Decomposing the ELBO
Rob Zinkov
2018-11-02
When performing Variational Inference, we are minimizing the KL divergence between some distribution we care about \(p(\v{z} \mid \v{x})\) and some distribution that is easier to work with \(q_\phi(\v{z} \mid \v{x})\).
\[ \begin{align} \phi^* &= \underset{\phi}{\mathrm{argmin}}\, \text{KL}(q_\phi(\v{z} \mid \v{x}) \;\|\; p(\v{z} \mid \v{x})) \\ &= \underset{\phi}{\mathrm{argmin}}\, \mathbb{E}_{q_\phi(\v{z} \mid \v{x})} \big[\log q_\phi(\v{z} \mid \v{x}) - \log p(\v{z} \mid \v{x}) \big]\\ \end{align} \]
Now because the density of \(p(\mathbf{z} \mid \mathbf{x})\) usually isn’t tractable, we use a property of the log model evidence \(\log\, p(\v{x})\) to define a different objective to optimize.
\[ \begin{align} \Expect_{q_\phi(\v{z} \mid \v{x})} \big[\log q_\phi(\v{z} \mid \v{x}) - \log p(\v{z} \mid \v{x})\big] &\leq \Expect_{q_\phi(\v{z} \mid \v{x})} \big[\log q_\phi(\v{z} \mid \v{x}) - \log p(\v{z} \mid \v{x})\big] - \log p(\v{x}) \\ &= \Expect _{q_\phi(\v{z} \mid \v{x})} \big[\log q_\phi(\v{z} \mid \v{x}) - \log p(\v{z} \mid \v{x}) - \log p(\v{x})\big] \\ &= \Expect _{q_\phi(\v{z} \mid \v{x})} \big[\log q_\phi(\v{z} \mid \v{x}) - \log p(\v{x}, \v{z})\big]\\ &= -\mathcal{L}(\phi) \end{align} \]
As \(\mathcal{L}(\phi) = \log p(\v{x}) - \text{KL}(q_\phi(\v{z} \mid \v{x}) \;\|\; p(\v{z} \mid \v{x}))\) maximizing \(\mathcal{L}(\phi)\) effectively minimizes our original KL.
This term \(\mathcal{L}(\phi)\) is sometimes called the evidence lower-bound or ELBO, because the KL term must always be greater-than or equal to zero, \(\mathcal{L}(\phi)\) can be seen as a lower-bound estimate of \(\log p(\v{x})\).
Due to various linearity properties of expectations, this can be rearranged into many different forms. This is useful to get an intuition for what can be going wrong when you learn \(q_\phi(\v{z} \mid \v{x})\)

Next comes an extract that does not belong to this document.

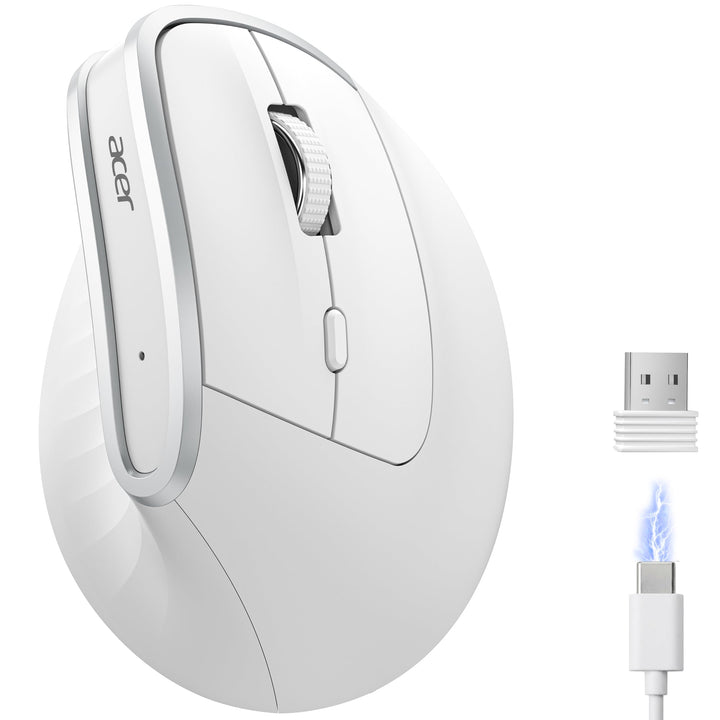 Acer 2.4G Ergonomische Maus, Vertikale Optische Maus Kabellos 1600 DPI, Wiederaufladbar Wireless Mou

Now why does this matter? Couldn’t I just optimize this loss with SGD and be done? Well you can, but often if something is going wrong it will show up as one or some terms being unusually off. By making these tradeoffs in the loss function explicit means you can adjust it to favor different properties of your learned representation. Either by hand or automatically.
Entropy form
The classic form is in terms of an energy term and an entropy term. The first term encourages \(q\) to put high probability mass wherever \(p\) does so. The second term is encouraging that \(q\) should as much as possible maximize it’s entropy and put probability mass everywhere it can.
\[ \mathcal{L}(\phi) = \Expect_{q_\phi(\v{z} \mid \v{x})}[\log p(x, z)] + H(q_\phi(\v{z} \mid \v{x})) \]
where
\[ H(q_\phi(\v{z} \mid \v{x})) \triangleq - \Expect_{q_\phi(\v{z} \mid \v{x})}[\log q_\phi(\v{z} \mid \v{x})] \]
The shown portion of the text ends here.